Problem 1. Suppose $U$ is nxm with n≥m and $U^TU=I$. Let $b$ be any vector in $\Re^n$ and we compute the projection $Pb=U\hat{x}$. What is $\hat{x}$ in terms of $U$ and $b$?

Problem 2.  Show that $\|\hat{x}\| = \|U\hat{x}\|$ in the problem above, where $\|a\|$ is defined as $\sqrt{a^Ta}$.

Problem 3. (Extension of GS p. 216 Problem 11a)

Let $A = \begin{pmatrix} 1 & 1\\ 0 & 1\\ 0 & 0 \end{pmatrix}$ and $b =\begin{pmatrix} 2 \\ 3 \\ 4 \end{pmatrix}$.

3a) Compute the projection of b onto the column space of $A$ by hand calculation:

3b) Check your answer by using Julia to compute $(A^T A)^{-1}(A^Tb)$. What do you observe?

In [None]:
A = [1 1 ;0 1; 0 0]
b = [2, 3, 4]
(A'A)\(A'b)

3c) Check your answer by typing $A\b$. What do you observe?

In [None]:
A\b

3d) Find $A \hat{x}=p$ using the svd and compare with the standard approach.
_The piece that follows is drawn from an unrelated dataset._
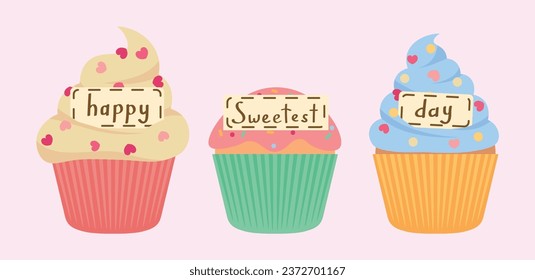 Poster for HAPPY SWEETEST DAY with tasty cupcakes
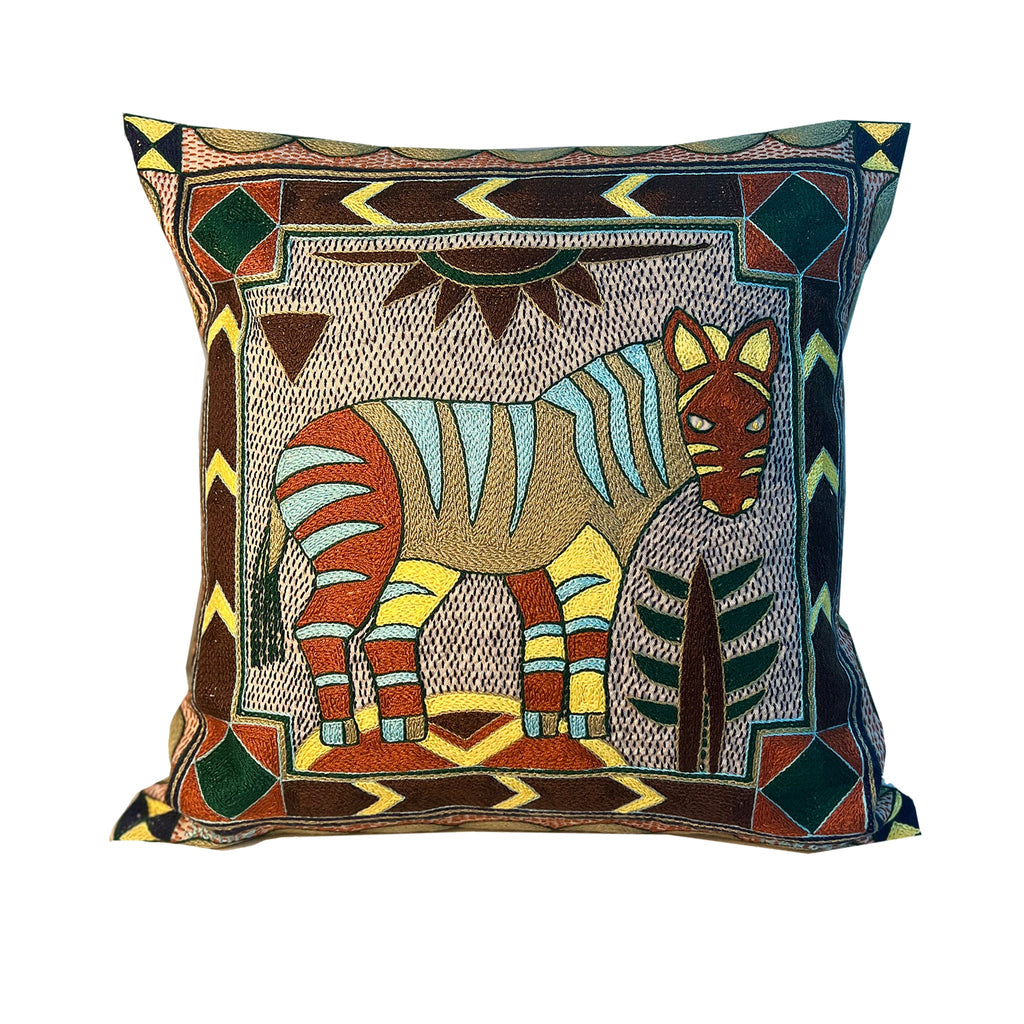 Mopani Moments Zebra Hand-Embroidered Cushion Cover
What do you observe?

In [None]:
U,s,V = svd(A)
[U*U'b A*inv(A'A)*A'b]

3e) Also compare the values in problem 2 above.  What do you observe?

In [None]:
x̂ = A\b
norm(x̂),norm(U*x̂)

4)  Using Julia, find the best fit parabola through four random points:

In [None]:
x = sort(rand(4))
y = sort(rand(4))

In [None]:
A = [ones(x) x x.^2]
? \ ?  # Fill in the question marks and interpret briefly the answer)

5) Using Julia and the same points as in problem 4, find the best fit curve of the form
$y = C*sin(x) + D*e^x + E*x$ through the four points.
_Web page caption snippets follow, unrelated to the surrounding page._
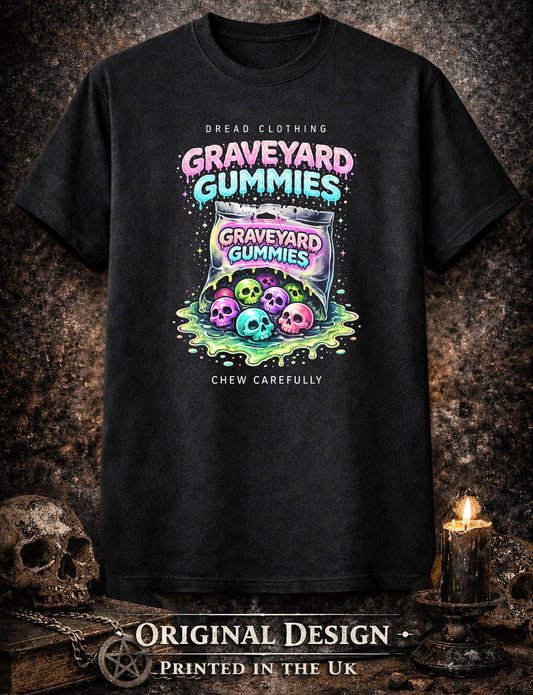 Graveyard Gummies Skull Unisex Toxic Gothic Horror Candy Graphic T-Shirt Art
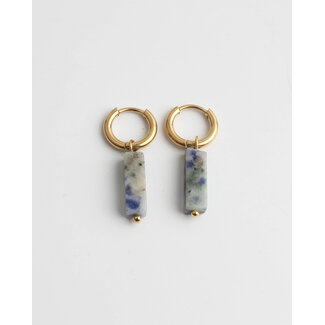 Dora Hoops Blue Natural Stone Gold - Acciaio inossidabile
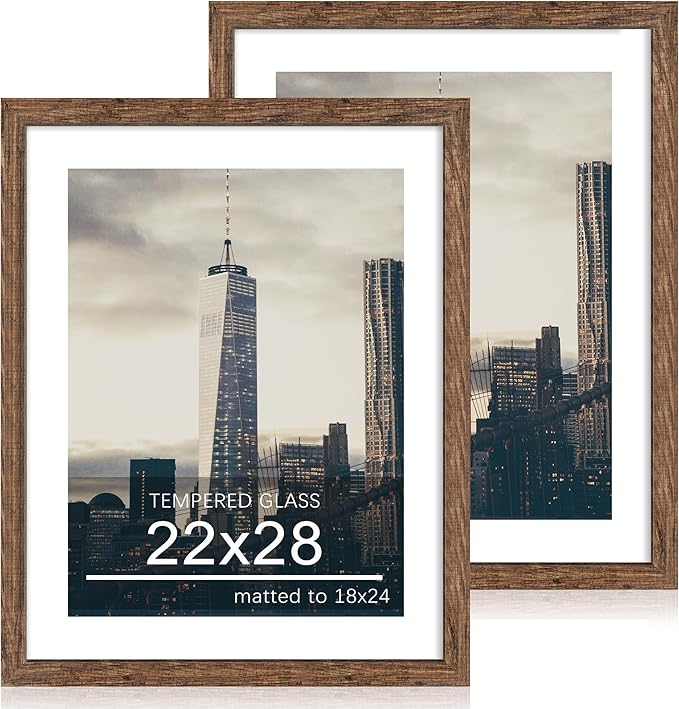 22x28 Picture Frame Set of 2, 22 x 28 Wood Poster Frames with Mat for 18x24, Wooden Photo Frames with Tempered Glass Cover for Wall Display, Rustic Brown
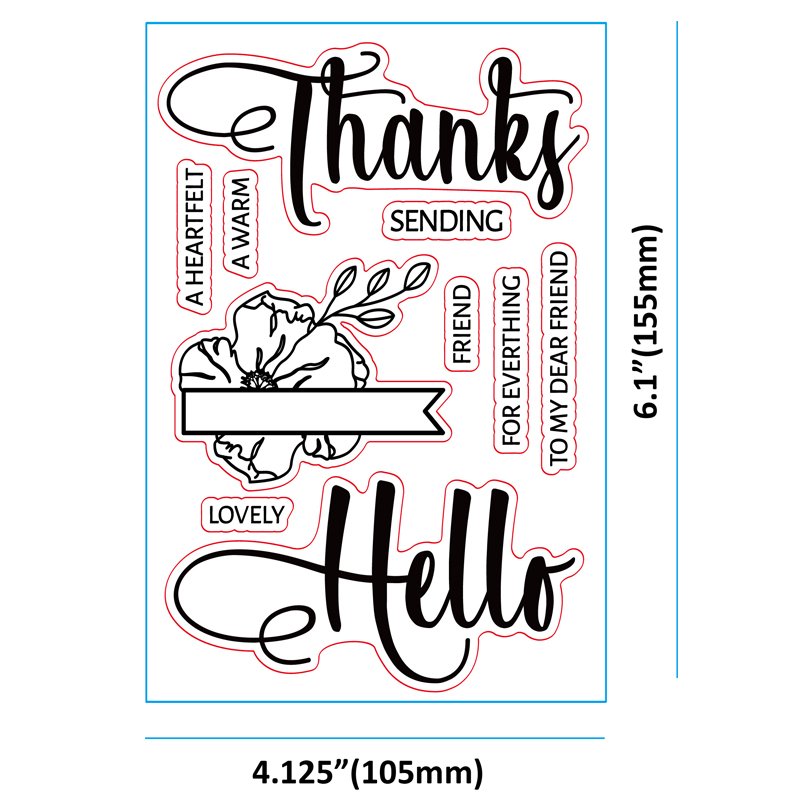 25137 2023 Custom design 105*155mm Decoration Silicone Clear Stamps for paper craft cardmaking scrapbooking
Note: If x is a vector, sin.(x) and e.^x may be useful constructs for the elementwise evaluation of the functions.

6) In this problem we explore how to let data define the subspace using the SVD. We will use an often used data set known as the [MNIST data base](https://en.wikipedia.org/wiki/MNIST_database) for character recognition. 

Some of you are good coders and may want to understand the code below.  That is not required of 18.06.  Those of you who prefer not to look at code, there is no need.  What we want most is for you to see the idea below.  We will in very few lines of code, completely from scratch write a character recognition machine learning code.  We'd like you to understand the idea of how it works, not the code.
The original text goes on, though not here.